--- Given data ---
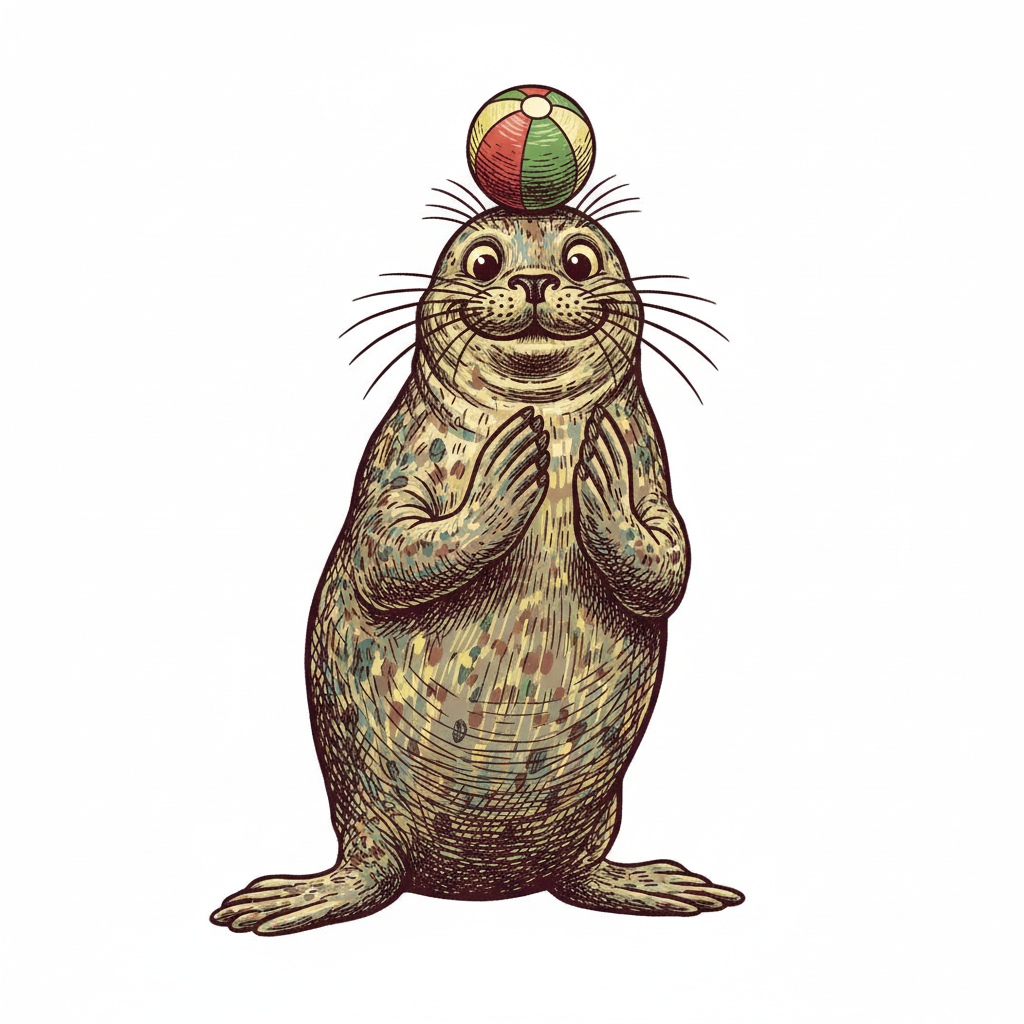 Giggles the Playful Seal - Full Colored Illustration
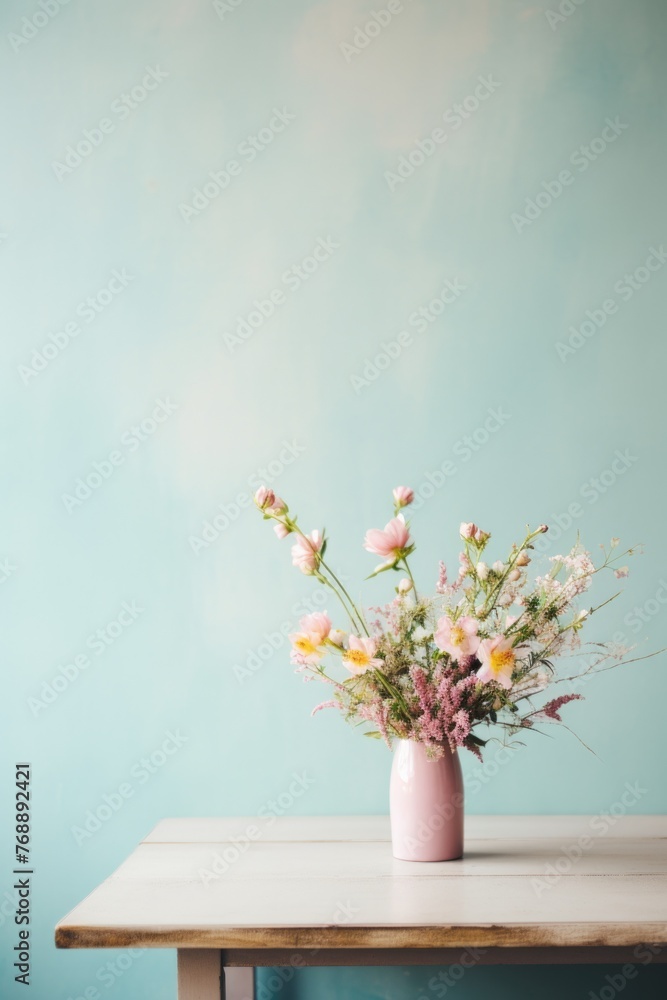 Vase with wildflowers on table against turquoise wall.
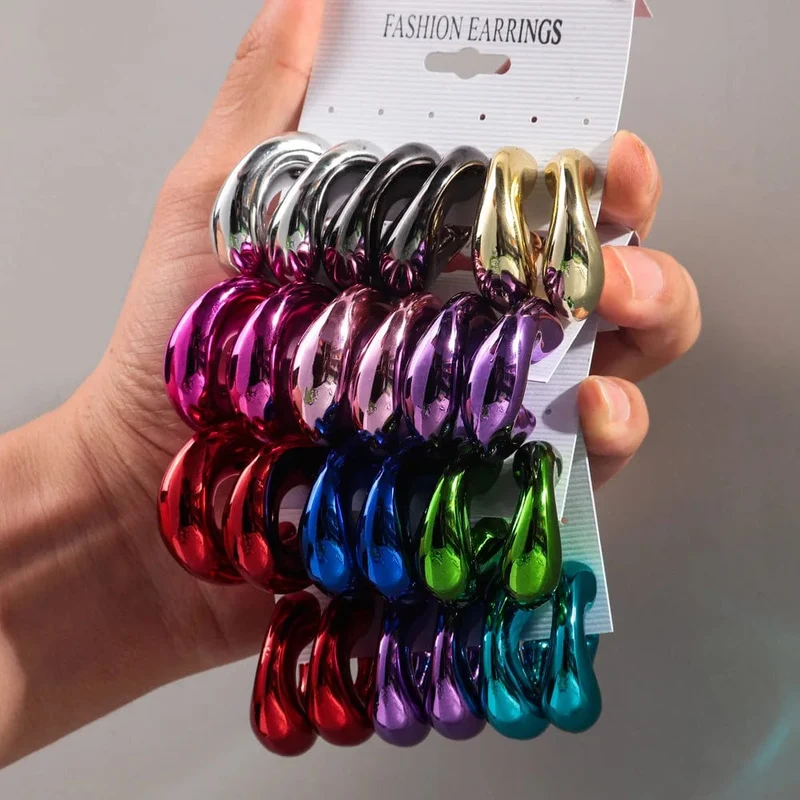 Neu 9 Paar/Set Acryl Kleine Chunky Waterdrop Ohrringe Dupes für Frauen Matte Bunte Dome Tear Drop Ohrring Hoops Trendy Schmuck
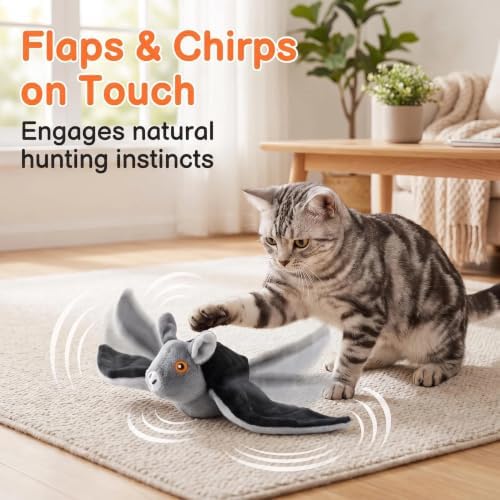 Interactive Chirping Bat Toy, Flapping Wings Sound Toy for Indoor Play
---
** About this task **
Would you output the full listing exactly as it stands, minus the images?

** Response area **
 Giggles the Playful Seal - Full Colored Illustration
 Vase with wildflowers on table against turquoise wall.
 Neu 9 Paar/Set Acryl Kleine Chunky Waterdrop Ohrringe Dupes für Frauen Matte Bunte Dome Tear Drop Ohrring Hoops Trendy Schmuck
 Interactive Chirping Bat Toy, Flapping Wings Sound Toy for Indoor Play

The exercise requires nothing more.